We organize ML-project with the help of Ocean

Introduction

Over the years of developing ML and DL projects, our studio has accumulated a large code base, a lot of experience, and interesting insights and conclusions. When you start a new project, this useful knowledge helps you more confidently start research, reuse useful methods and get first results faster.

It is very important that all these materials are not only in the heads of the developers, but also in a readable form on the disk. This will allow more effectively train new employees, bring them up to date and immerse them in the project.

Of course, this was not always the case.

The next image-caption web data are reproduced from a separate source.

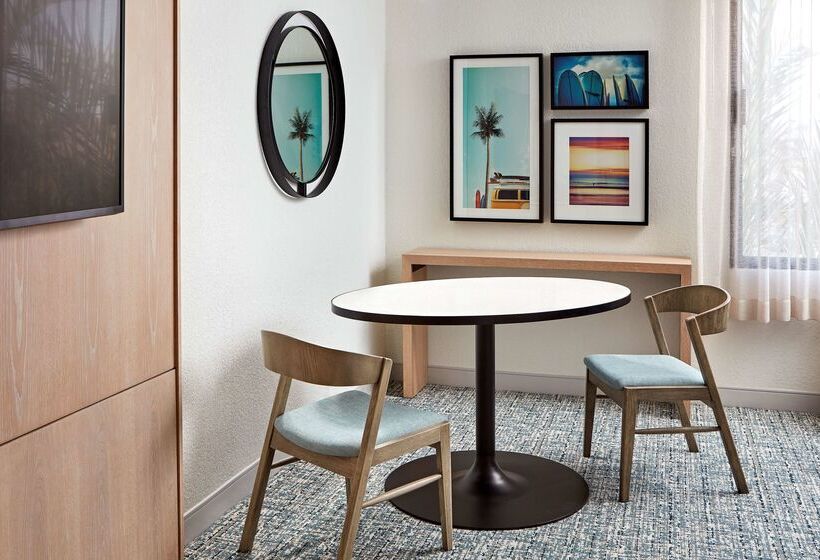 בית מלון כפרי Mdr Marina del Rey, a Doubletree by Hilton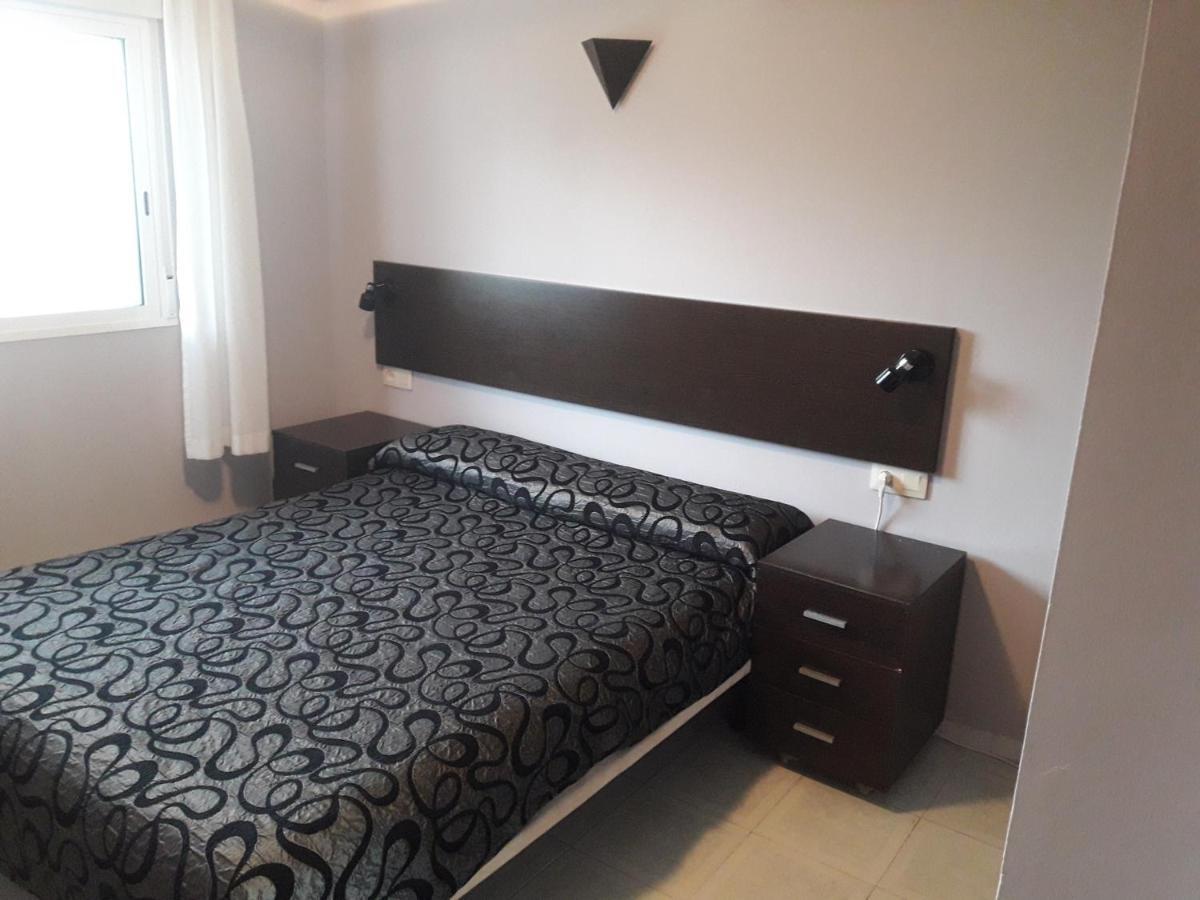 دينايا Hostal Oasis المظهر الخارجي الصورة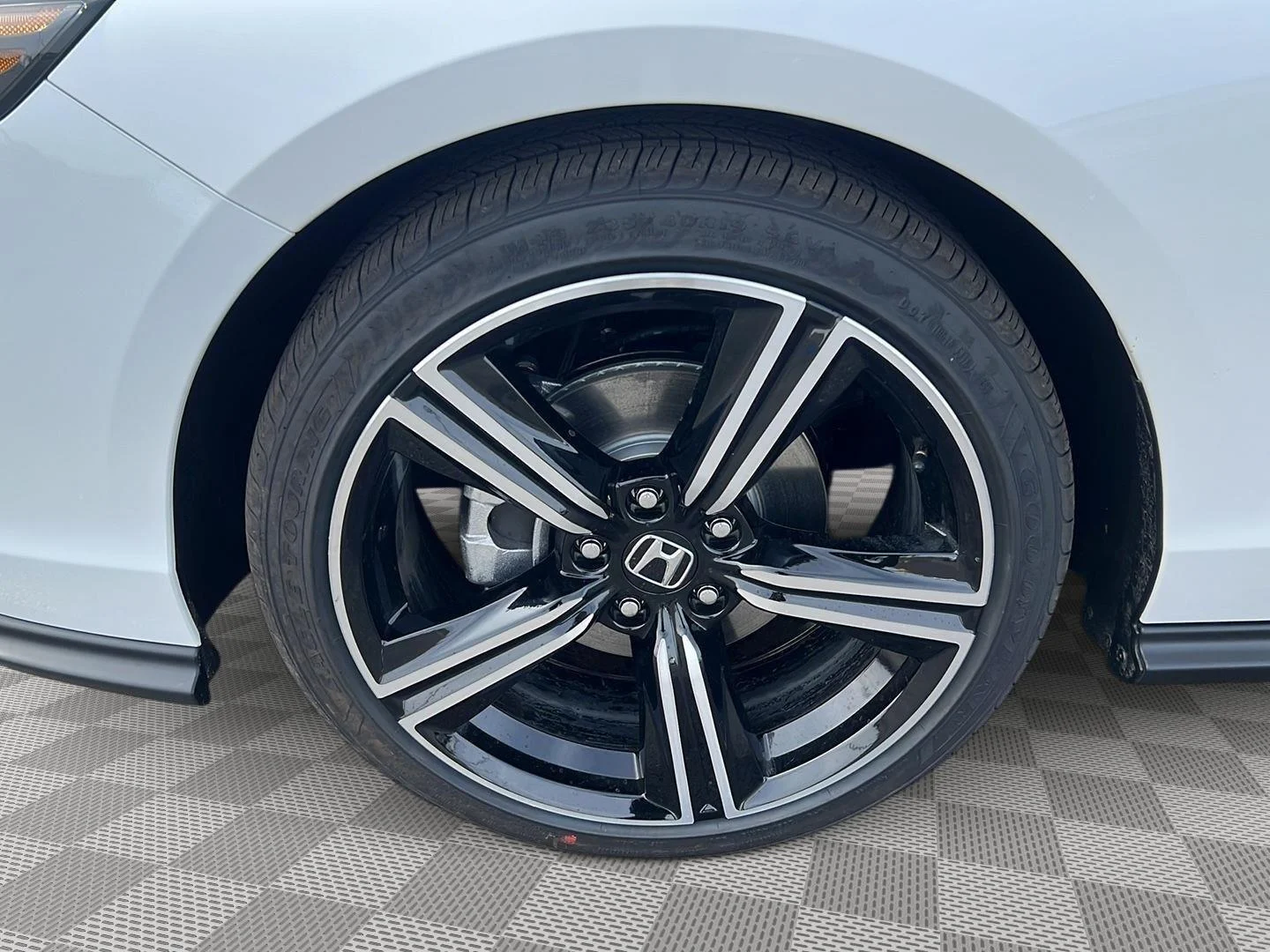 New 2026 Platinum White Pearl Honda SE image 3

We faced a lot of problems in the early stages.

Each project was organized differently, especially if they were initiated by different people.
It was not enough to track what the code is doing, how to run it, and who its author is.
They did not use virtualization to the proper degree, often making it difficult for their colleagues to install existing libraries of another version.
The conclusions drawn from the charts that had settled and died in the mountain jupyter notebooks were forgotten.
Losing reports on the results and progress in the project.

In order to solve these problems once and for all, we decided that we need to work both on a single and correct project organization, and on virtualization, the abstraction of individual components and the re-use of useful code. Gradually, all our progress in this area has become an independent framework - Ocean.

The cherry on the cake is the project logs, which are aggregated and turned into a beautiful website, automatically assembled with the help of a single command.

In the article we will tell on a small artificial example of what parts Ocean consists of and how to use it.

Why Ocean

In the ML world there are other options that we considered. First of all, we need to mention cookiecutter-data-science (hereinafter CDS) as the ideological mastermind. Let's start with a good one: CDS not only offers a convenient project structure, but also tells how to manage a project so that everything is good - so here we recommend digressing and see the main key ideas of this approach in the original CDS article .

Armed with CDS in the working draft, we immediately introduced several improvements to it: we added a convenient file logger, a coordinating class responsible for project navigation and an automatic generator of Sphinx documentation. In addition, they brought out several commands in the Makefile, so that even the uninitiated in the details of the project manager would be comfortable with them.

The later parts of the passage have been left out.